■ **WHAT THE TASK ASKS**
Leaving out every picture, copy the lines of the material below exactly, from the line containing "1828 Fletcher St" through the line containing "Rizespor 1 -1 Konyaspor İLK YARI SONUCU 4".

■ **DATA**
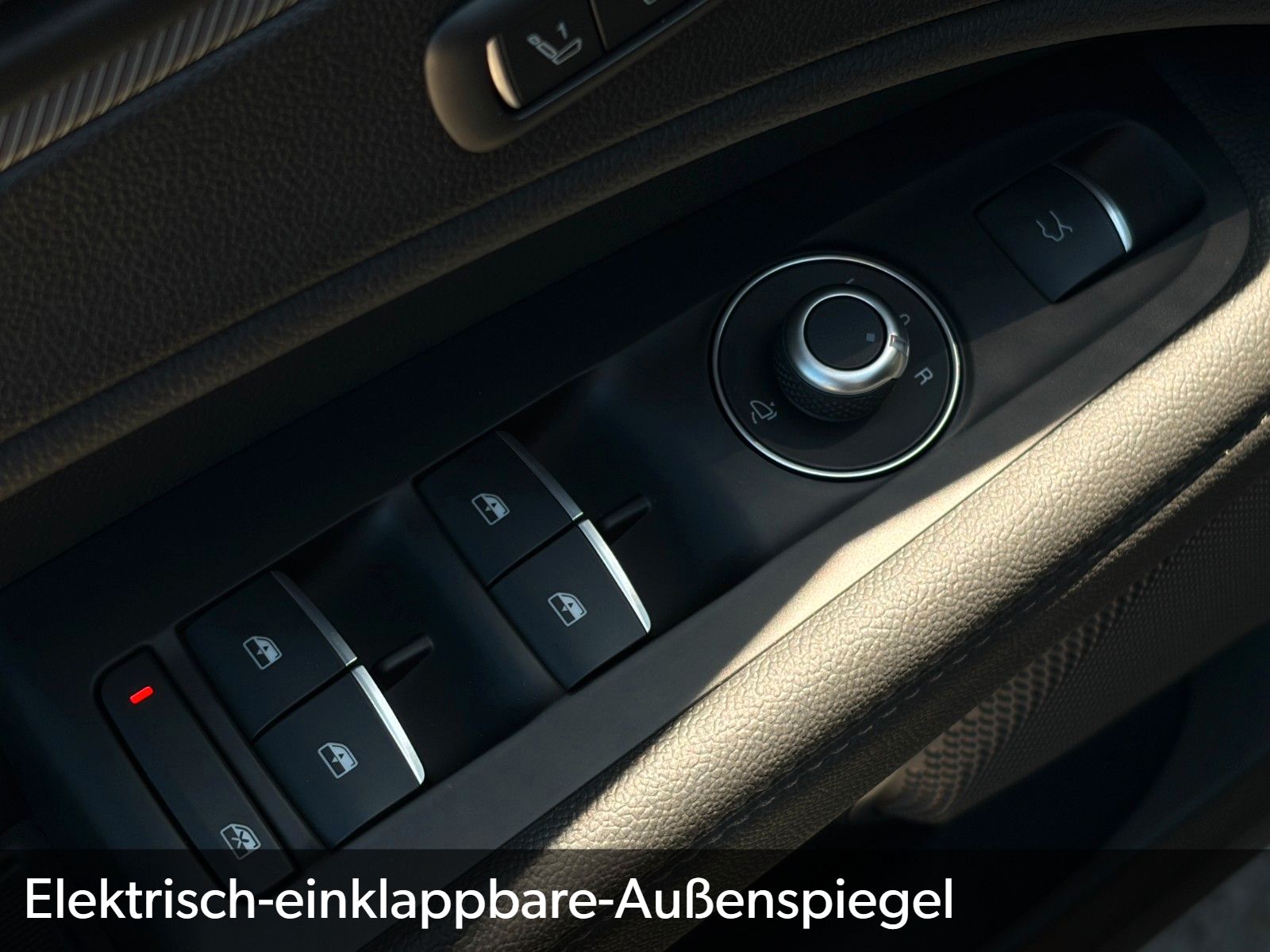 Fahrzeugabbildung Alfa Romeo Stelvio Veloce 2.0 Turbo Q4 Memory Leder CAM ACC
* * *
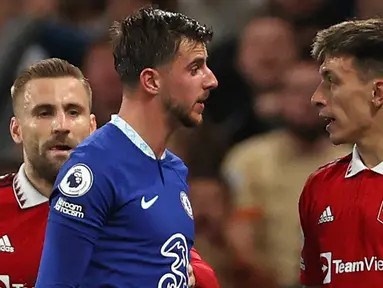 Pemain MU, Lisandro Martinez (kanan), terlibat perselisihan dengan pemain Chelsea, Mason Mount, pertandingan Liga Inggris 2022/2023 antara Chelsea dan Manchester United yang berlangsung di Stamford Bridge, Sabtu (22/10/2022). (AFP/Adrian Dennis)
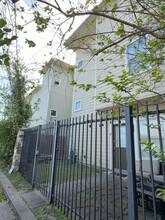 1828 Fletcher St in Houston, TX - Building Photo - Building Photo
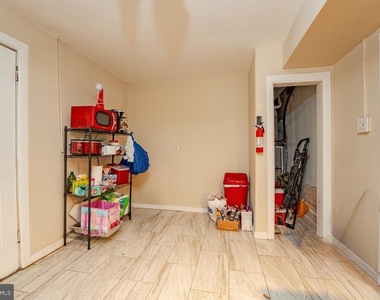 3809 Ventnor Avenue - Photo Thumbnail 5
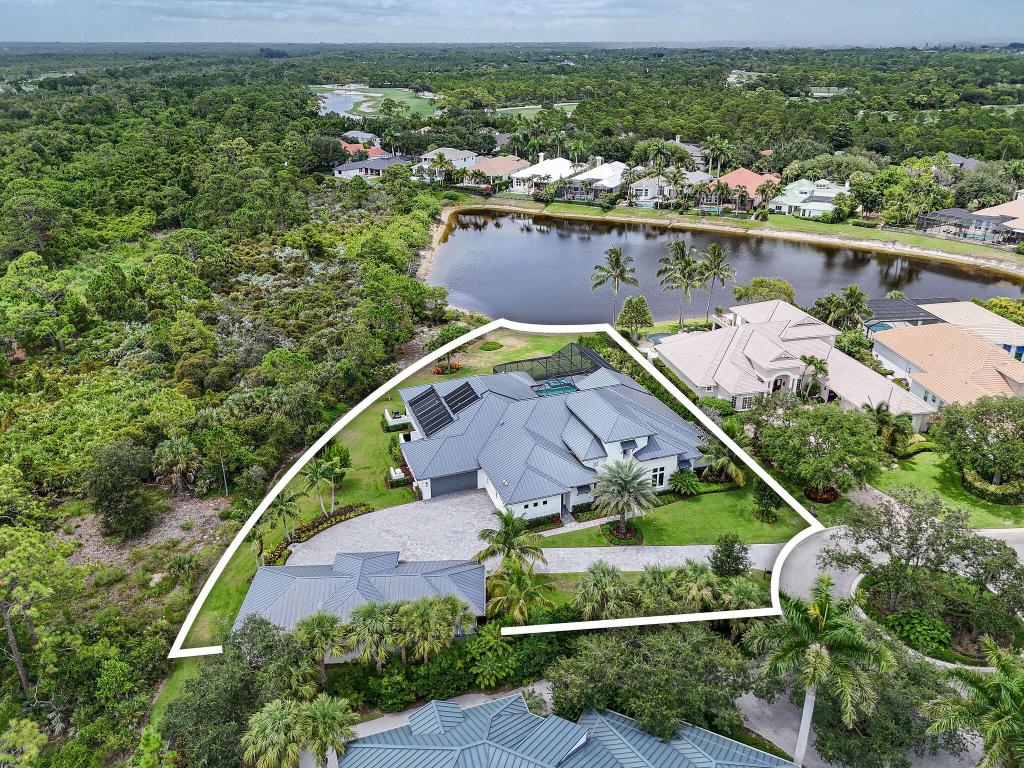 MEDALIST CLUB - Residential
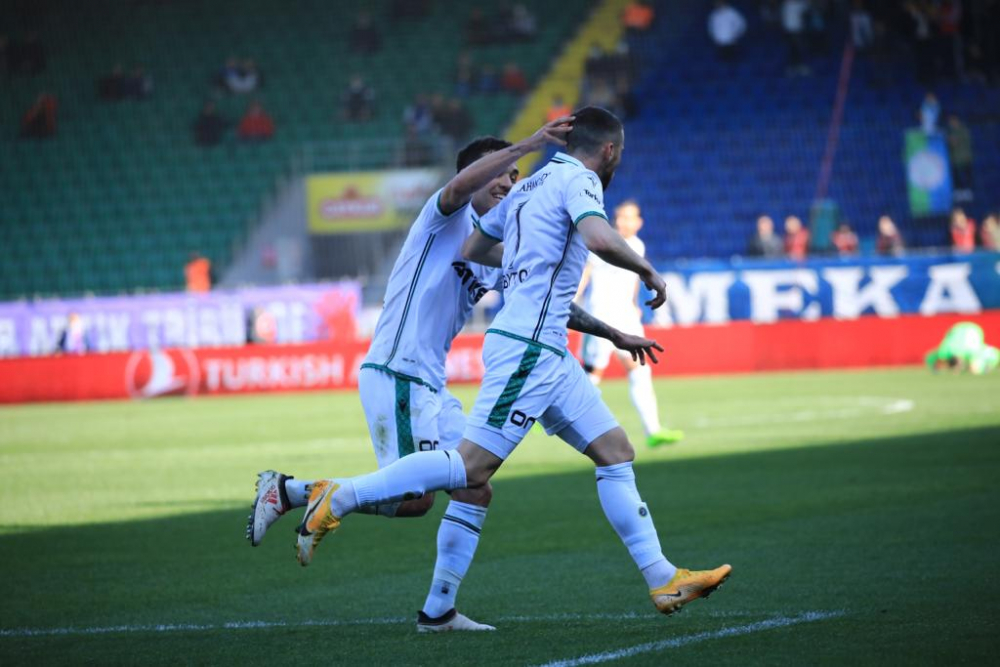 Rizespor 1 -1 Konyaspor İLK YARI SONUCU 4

■ **EXPECTED ANSWER**
 1828 Fletcher St in Houston, TX - Building Photo - Building Photo
 3809 Ventnor Avenue - Photo Thumbnail 5
 MEDALIST CLUB - Residential
 Rizespor 1 -1 Konyaspor İLK YARI SONUCU 4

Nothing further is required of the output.